Before the interior chimney can be removed safely, you will need to make sure the chimney stack is well supported. Gallows brackets should never be recommended in structures that are more than two storeys high, the stack is completely vertical, or if the chimney is more than 1200mm and projects more than 340mm into the room. If any of these conditions are present, steel beams would be the best method to make sure the stack is secured well. If there is a neighbouring chimney that shares a wall or part of the attic with your living space, make sure the wall is still solidly intact and that the shared wall is a minimum of 215 mm thick in good
Rolled Steel Joists RSJ beams are a sturdy selection
The most trusting method and most durable with the strongest support, use steel beams. These I-beams offer the most reliable strength since they can span narrow or wide gaps with one solid support beam. It may cost a bit more to begin with, but the steel beam will leave you with a peace of mind and no weak connection points that could potentially give way.
Leaving the chimney breast in place
You may choose to retain the chimney breast for many reasons. One such reason is that you don’t want to re-plaster or re-floor, or otherwise deal with patching and redecorating the gaps left behind in the walls and floor when you remove it. Others want to keep the original architecture in place.
If you are keeping any portion of the chimney to be continued for use of fires, you will need to be sure it is properly ventilated at both the top and the bottom. Any moisture left inside an improperly ventilated wall or chimney will interact with soot remaining in the used chimney and could cause staining.

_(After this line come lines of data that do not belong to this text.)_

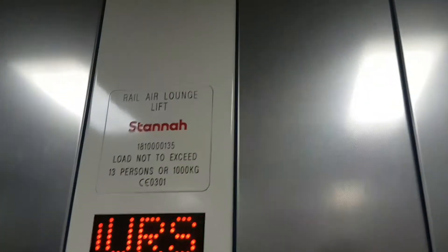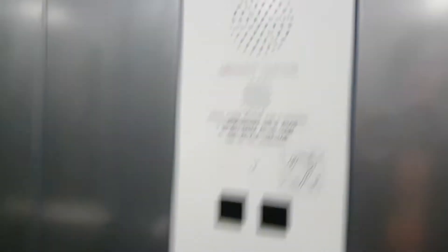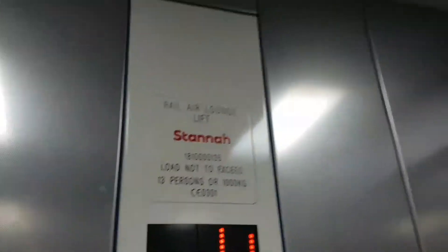Stand and lift capacity: 13 persons, 1,000 kilos. Built in 1987 as a Braille and modernised in 2011. We are at lounge.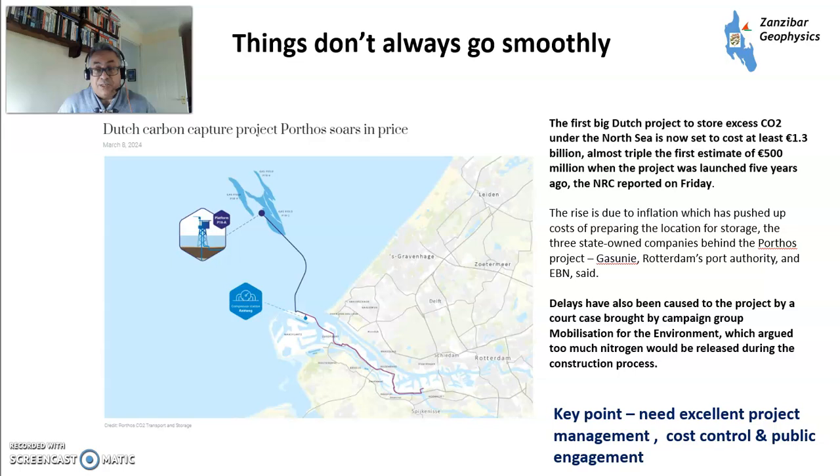But things don't always go smoothly. The Porthos project in the Netherlands — Rotterdam connected to a depleted gas field off the Dutch coast — has run significantly over budget due to cost inflation and also delays caused by campaigning around nitrogen emissions, which is a major issue in the Netherlands. With a very slim margin business this is quite difficult. The key points here are: you need excellent project management, which the oil and gas industry is not quite that good at; you need excellent cost control; and you need effective public engagement — three things the industry needs to pull its socks up on.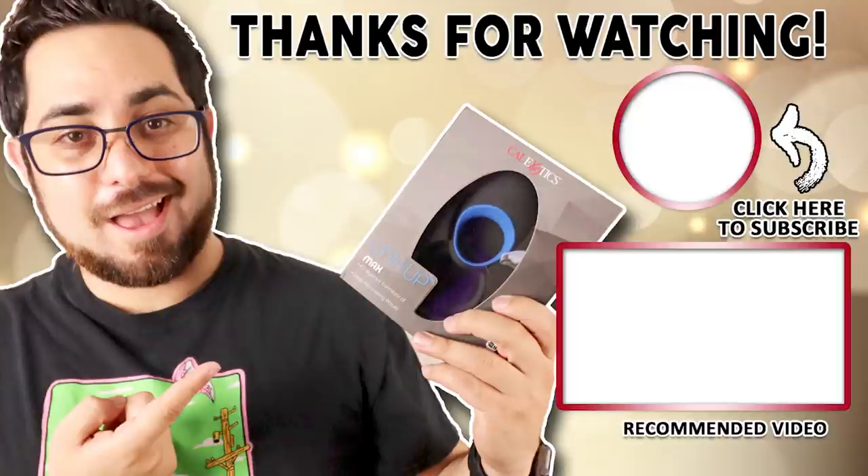Hey guys, I'm Chase and thanks for watching this video. If you'd like to check out the channel, you can do so by clicking right there. Make sure to subscribe — you can also watch other videos right down here. I'll see you later.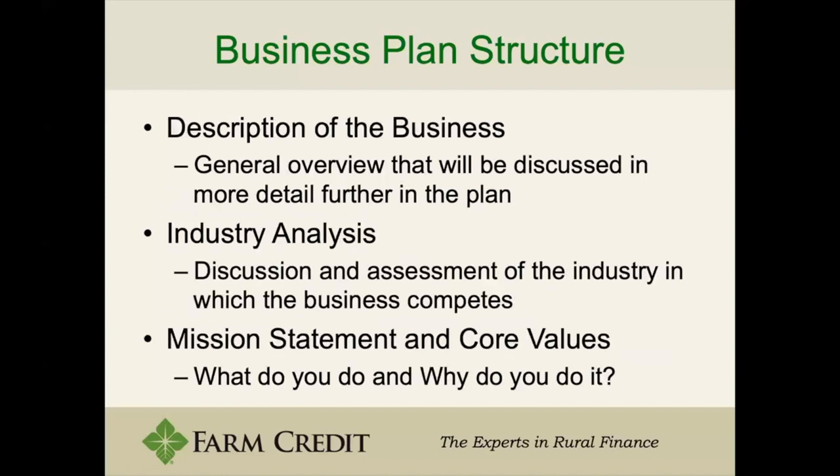The plan is also going to include a description of the business — the easiest part — where you write about how you do business, how you're a producer, the different things that impact your business, basically a description of what you do on a day-to-day basis. Then you'll include an industry analysis, because your business could rely heavily on an industry. For example, a lot of dairy producers rely heavily on the dairy industry and there isn't always a farm-to-table option to sell milk individually in most communities.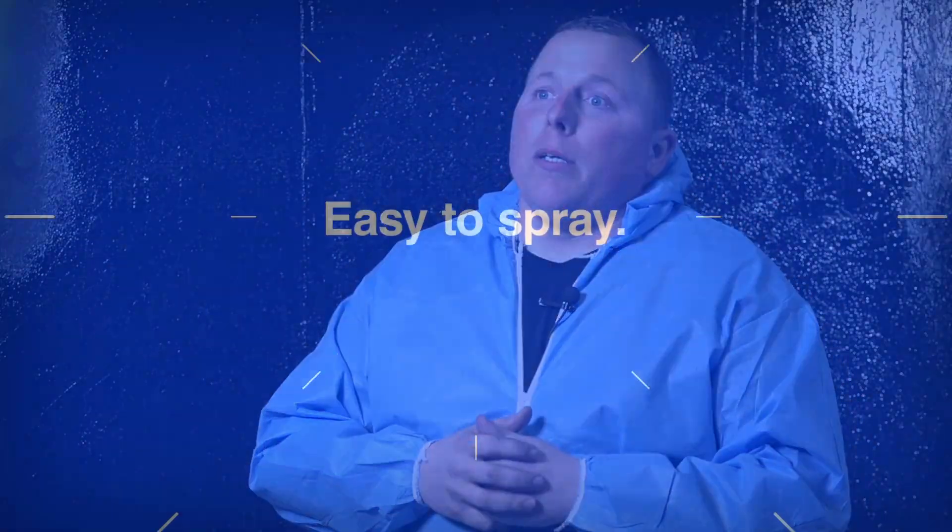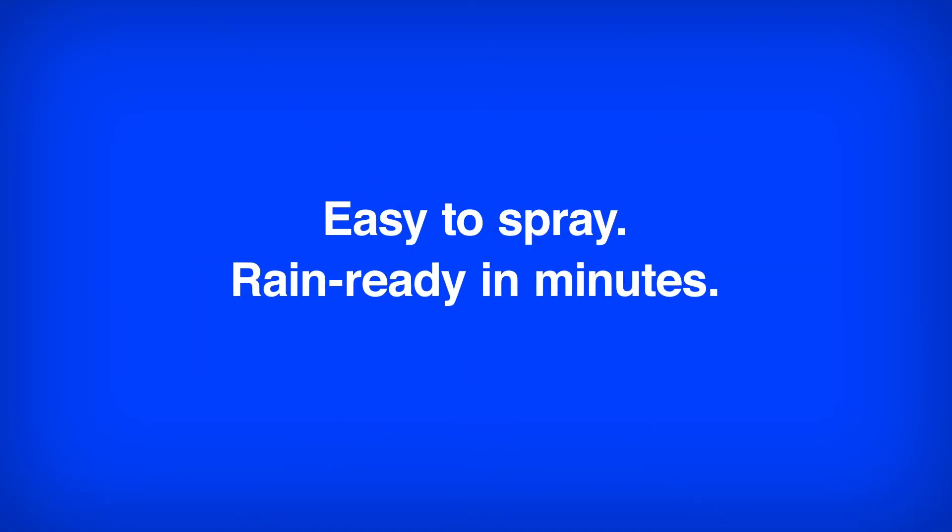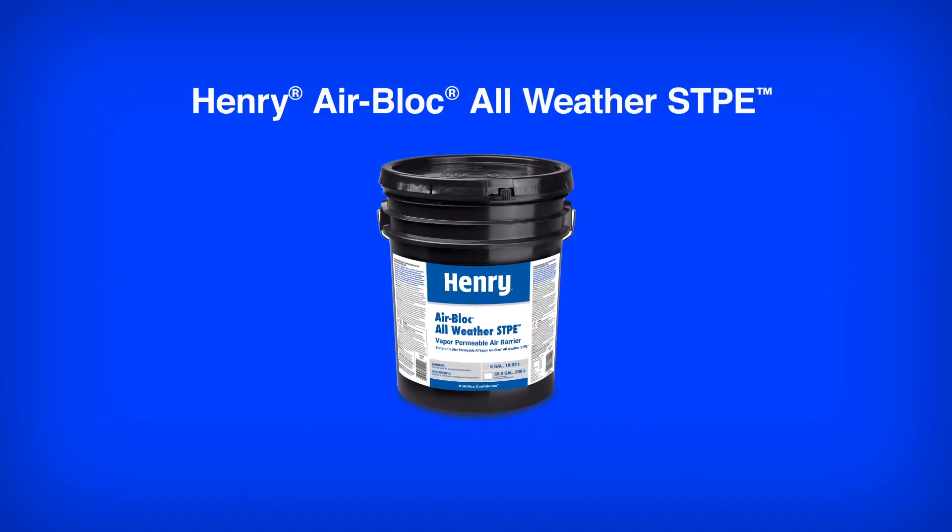As long as it's not pouring down raining on us, we're good to go. Easy to spray and rain ready in minutes. Stay on schedule with Henry AirBlock AllWeather STPE.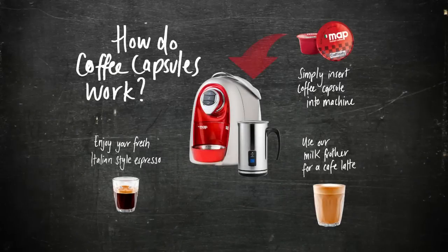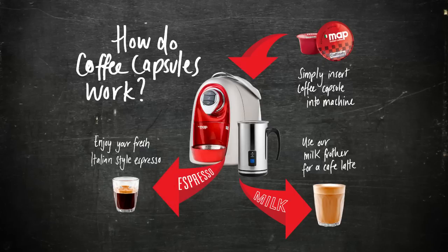Simply insert coffee capsule into machine. Use our milk frother for a cafe latte. Enjoy your fresh Italian espresso.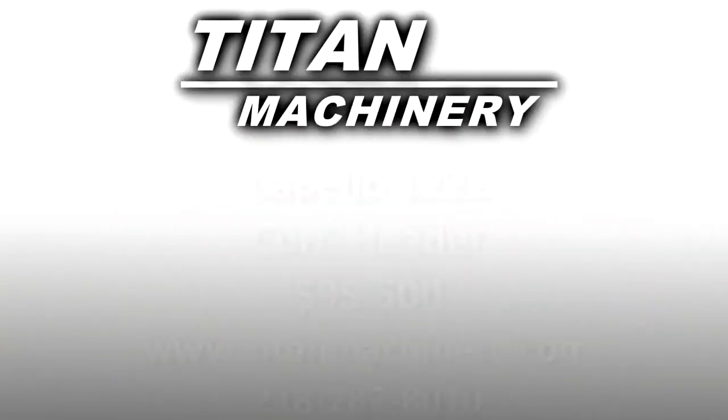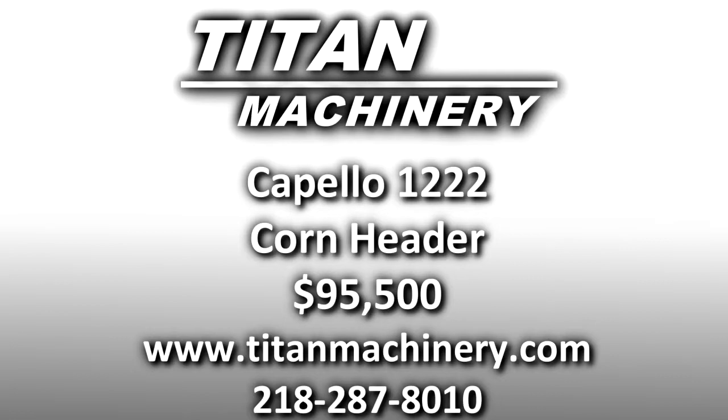If you are interested in this piece of equipment, or any other piece of equipment, contact our sales department at 218-287-8010 or visit us online at TitanMachinery.com.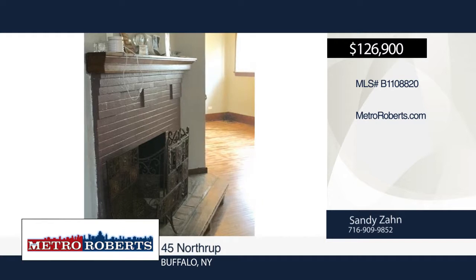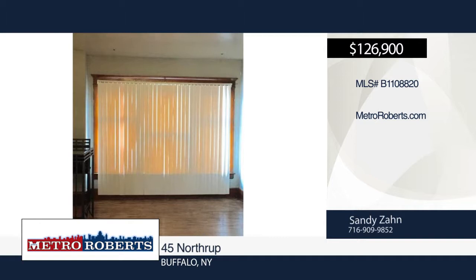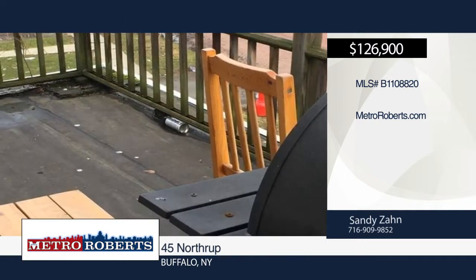Rents are $775 for each unit. This is an excellent investment opportunity. Property is being sold as-is and seller will not make any repairs from the home inspection.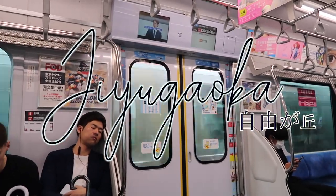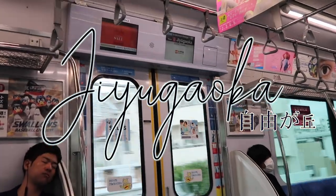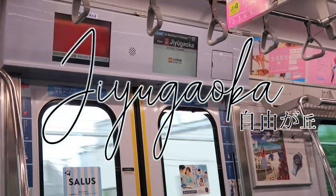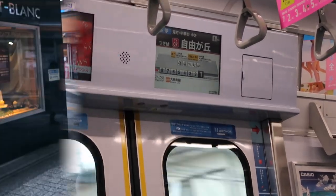This is Monorikai. The exit is on the right side. This is Jiyugaoka, TY7. Passengers changing to the Oimacha Line, please transfer at the station.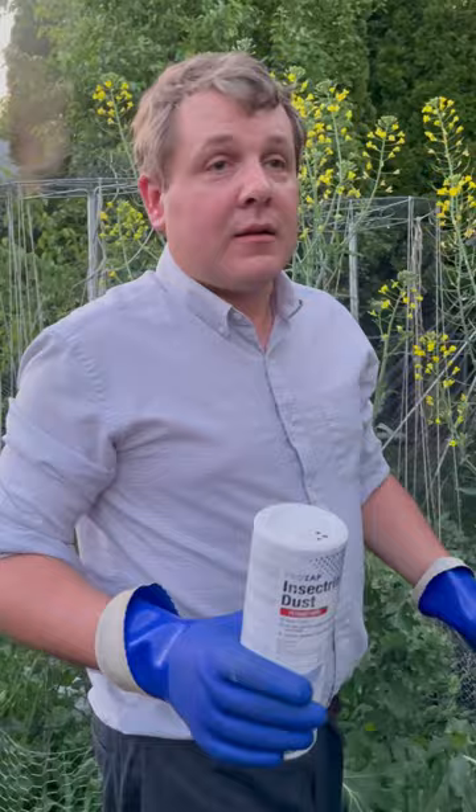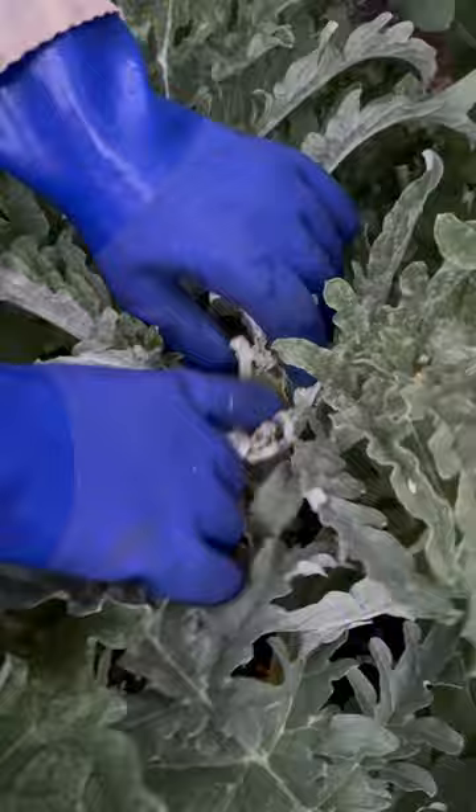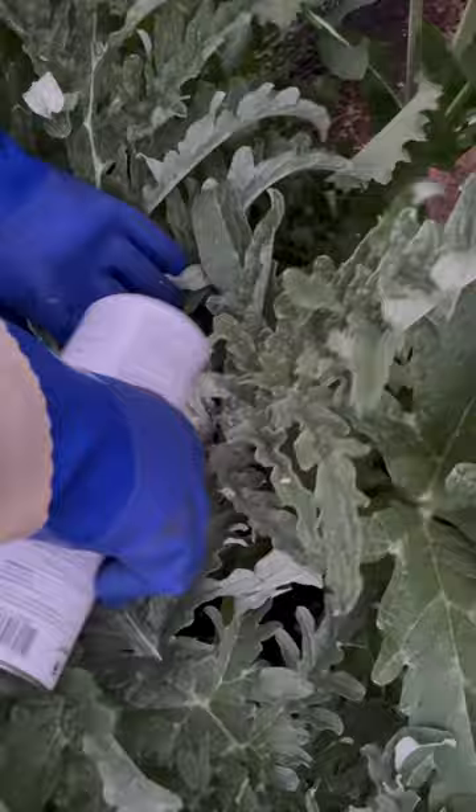One of my artichokes here is actually starting to get a flower bud, and bugs will get in there. So I use permethrin powder — as soon as I see buds, I follow the directions and just get it in the center.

One of the reasons home owners choose to leave a non-working chimney breast in place is to avoid patching up and redecorating after. However, some choose to remove part of the chimney breast leaving architectural elements in place such as an archway or brickwork that flows with the interior design. Some of this may involve a bit of patch work on the walls or floor, but leaving some of the chimney breast in place will limit the extent of excess clean up work.
Leaving part of the chimney in use
Retaining part of the chimney for use
Sometimes, the home owner wants to remove a chimney breast at one storey of the house but keep a working chimney on another storey. The most important considerations for this type of renovation will be making sure the upper storeys are properly supported while ensuring proper ventilation at the storey left for use. Also keep in mind that whatever storey you remove the chimney breast from will then require patch work, possibly new dry wall, plaster, painting, and new flooring before you will be able to use the new added space.
Proper ventilation should always be considered
If any portion of the chimney is to be left for use, you must make sure it is properly ventilated. If your chimney used gas, consult with an expert to make sure everything is turned off before work begins. If there is any electricity running through the wall where the chimney rests, you will also need to make sure the electricity is turned off at the main breaker so as not to accidentally cut into a live wire. If any gas lines or electric wires need to be rerouted for use after the chimney section has been taken out, make sure you consult an expert.
Safety should always come first
Additional safety concerns
Never be afraid to consult with an expert to make sure your partial chimney removal project is done right. It could affect the structural strength of your entire home. If any part of the chimney is going to be retained for use, you will also need to make sure that safety measures are taken and that the structure is well supported. Additional concerns include making sure the building regulations comply with fire safety, sound insulation, ventilation, and damp prevention to avoid damage from mold or soot staining.